WASHINGTON — Former President George W. Bush is on the comeback trail.
Whether it leads to Mount Rushmore or simply out of history's doghouse is unknown. The verdict on an American president can take years to develop, and Bush insists he's content to leave his legacy to the historians, hoping it will be kinder to him after he's gone.
Meanwhile, the 43rd president is touring the country promoting his new book, eagerly talking about some of the flashpoints of his presidency, such as Iraq and Hurricane Katrina, and getting ready to break ground for his presidential library and museum.
"I just want people to understand what it was like," Bush said in an appearance on Rush Limbaugh's radio program Tuesday.
Yet Bush may find the return to the spotlight as glaring as it is warm. Even as Limbaugh greeted him happily and the audience at Oprah Winfrey's show applauded him on Tuesday, conservative blogger Michelle Malkin warned against sentimentality toward the man she says helped spawn the tea party movement. Anti-war protesters are expected next week at the groundbreaking for his library and museum at Southern Methodist University in Dallas.
"I'm very comfortable being submerged, as I say, and I'm emerging because I want people to read this book," Bush told Limbaugh.
"Once this book is finished, I'm going back to as normal a life as possible, promoting freedom and marketplace and accountability in the schools and playing golf with people like you."

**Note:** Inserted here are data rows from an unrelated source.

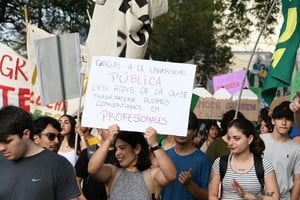 La última de varias marchas y acciones de visibilización que realizó el sistema universitario este año. Foto: Manuel Fabatía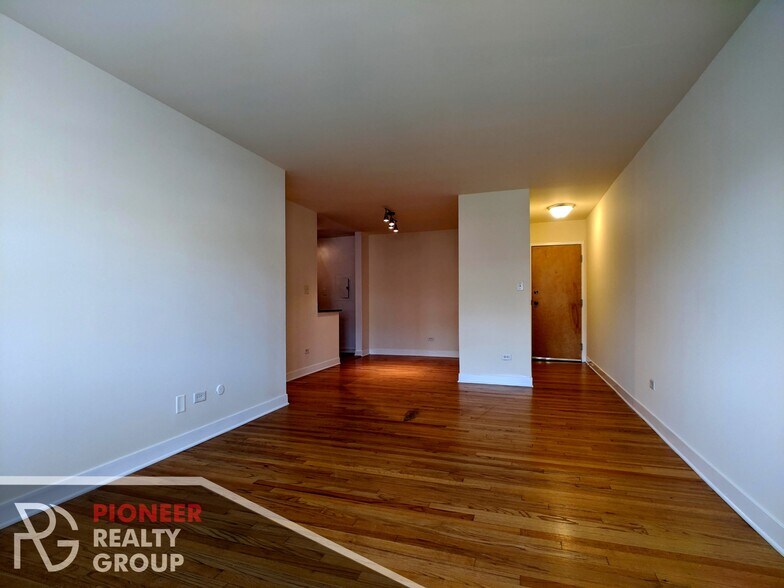 Building Photo - 643 W Wrightwood Ave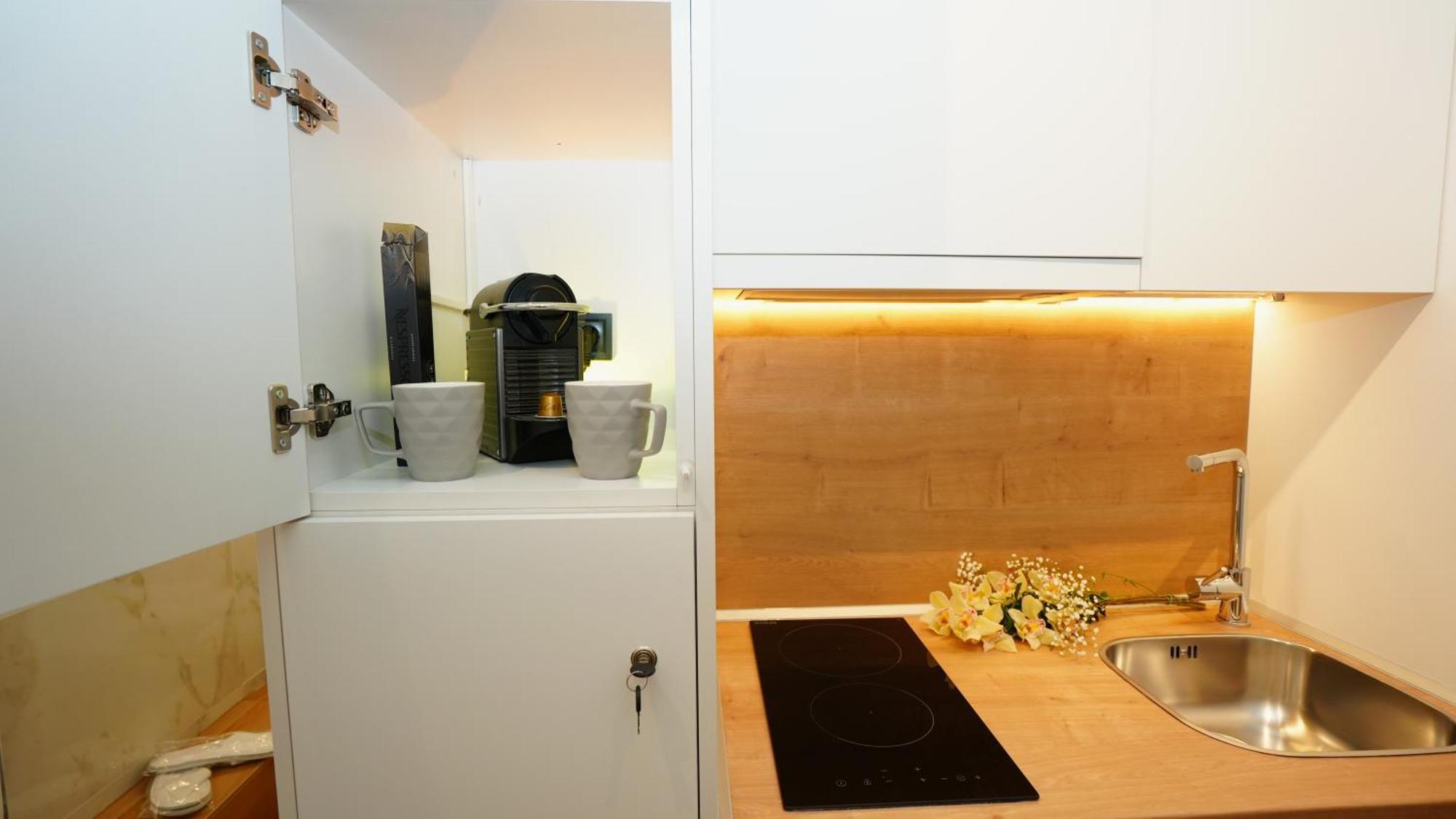 Luxury Suites With Jacuzzi By Sea&Thecity Thessaloniki Exterior foto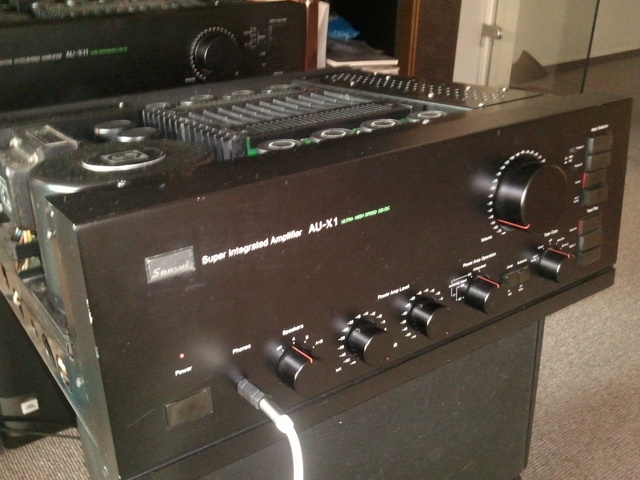 Sansui AU-X11 und AU-X1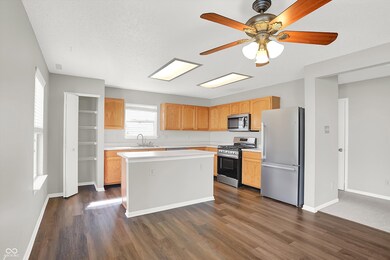 10186 Apple Blossom Cir, Fishers, IN 46038 - photo 5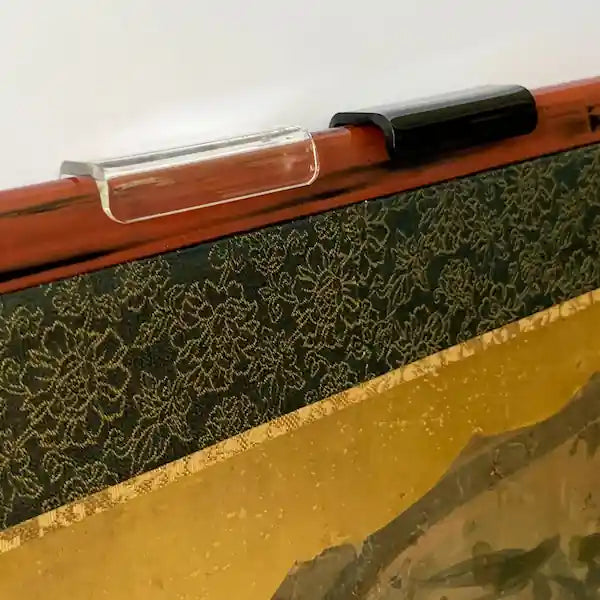 4-Panel Screen Hanger Kit - clear and black screen clips shown on a red lacquer byobu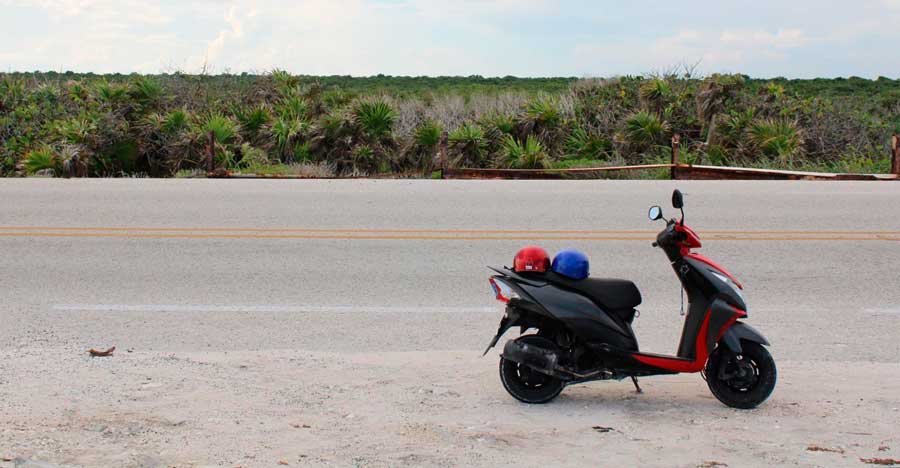 A motorcycle in a road in Mexico City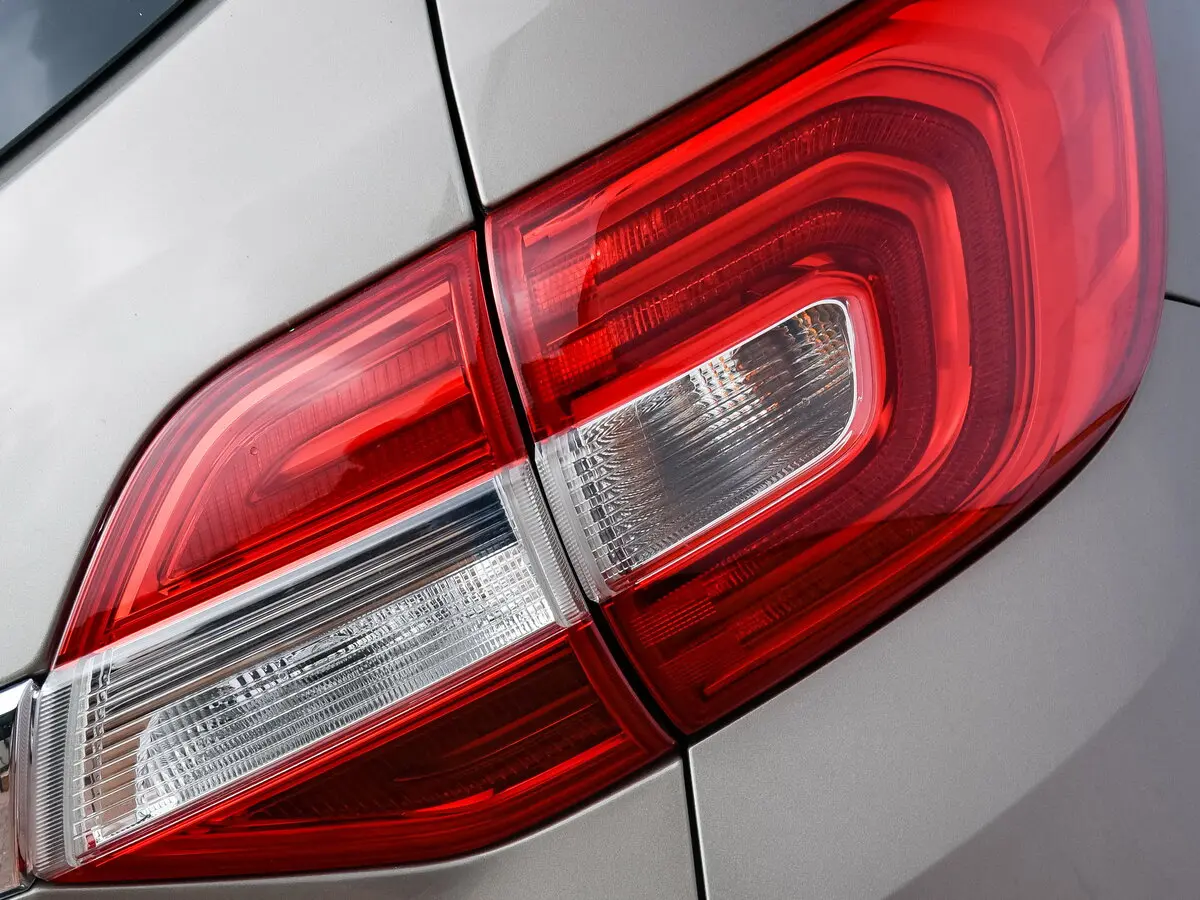 Ford Everest II Рестайлинг Внедорожник 5 дв. — сүрөт 14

Appearing with Oprah, he talked about the war, about the failure to find the weapons of mass destruction he thought Iraq had, and about how he still felt it worthwhile to topple Iraqi dictator Saddam Hussein.
"When we didn't find weapons I felt terrible about it, sick about it, and still do, because a lot of the case in removing Saddam Hussein was based upon weapons of mass destruction," he said.
Still, he said, "The world is better with him gone."
On Katrina, he said he was stung by accusations that a slow federal response meant he didn't care about black people.
"That really hurt," he said. "You can disagree with my politics, but don't ever accuse me of being a racist. . . . I can see how the perception would be 'Bush didn't care,' but to accuse me of being a racist is disgusting."
He exhibited his self-deprecating humor: "A lot of people don't think I can read, much less write."
He also refused to criticize President Barack Obama.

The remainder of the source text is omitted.